Stored data
------------------------------------------------------------------------

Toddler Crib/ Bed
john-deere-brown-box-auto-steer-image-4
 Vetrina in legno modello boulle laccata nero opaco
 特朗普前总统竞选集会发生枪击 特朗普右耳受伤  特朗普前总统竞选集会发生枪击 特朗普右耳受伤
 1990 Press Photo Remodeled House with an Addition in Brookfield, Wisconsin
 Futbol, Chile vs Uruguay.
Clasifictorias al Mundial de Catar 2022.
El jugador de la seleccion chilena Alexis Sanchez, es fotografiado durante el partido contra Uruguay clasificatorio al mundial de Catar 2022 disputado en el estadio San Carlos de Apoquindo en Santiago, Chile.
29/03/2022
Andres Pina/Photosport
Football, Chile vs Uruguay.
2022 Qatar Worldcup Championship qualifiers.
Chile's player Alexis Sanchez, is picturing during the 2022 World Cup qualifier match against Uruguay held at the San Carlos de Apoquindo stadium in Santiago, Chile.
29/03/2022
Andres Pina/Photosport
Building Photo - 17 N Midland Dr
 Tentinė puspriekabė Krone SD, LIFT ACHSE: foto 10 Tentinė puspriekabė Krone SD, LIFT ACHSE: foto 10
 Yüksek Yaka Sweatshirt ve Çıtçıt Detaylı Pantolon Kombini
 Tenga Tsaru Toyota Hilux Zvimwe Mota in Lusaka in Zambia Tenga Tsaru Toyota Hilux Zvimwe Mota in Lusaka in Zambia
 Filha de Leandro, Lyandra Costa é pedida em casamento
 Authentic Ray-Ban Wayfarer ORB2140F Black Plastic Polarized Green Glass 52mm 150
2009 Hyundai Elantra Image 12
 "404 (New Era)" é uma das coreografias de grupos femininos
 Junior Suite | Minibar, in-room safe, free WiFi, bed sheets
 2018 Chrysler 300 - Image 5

------------------------------------------------------------------------

> _What is being asked_:
Say how many lines in the entries contain the string "Apoquindo". Nothing else belongs in the reply.

> _Answer to this problem_:
2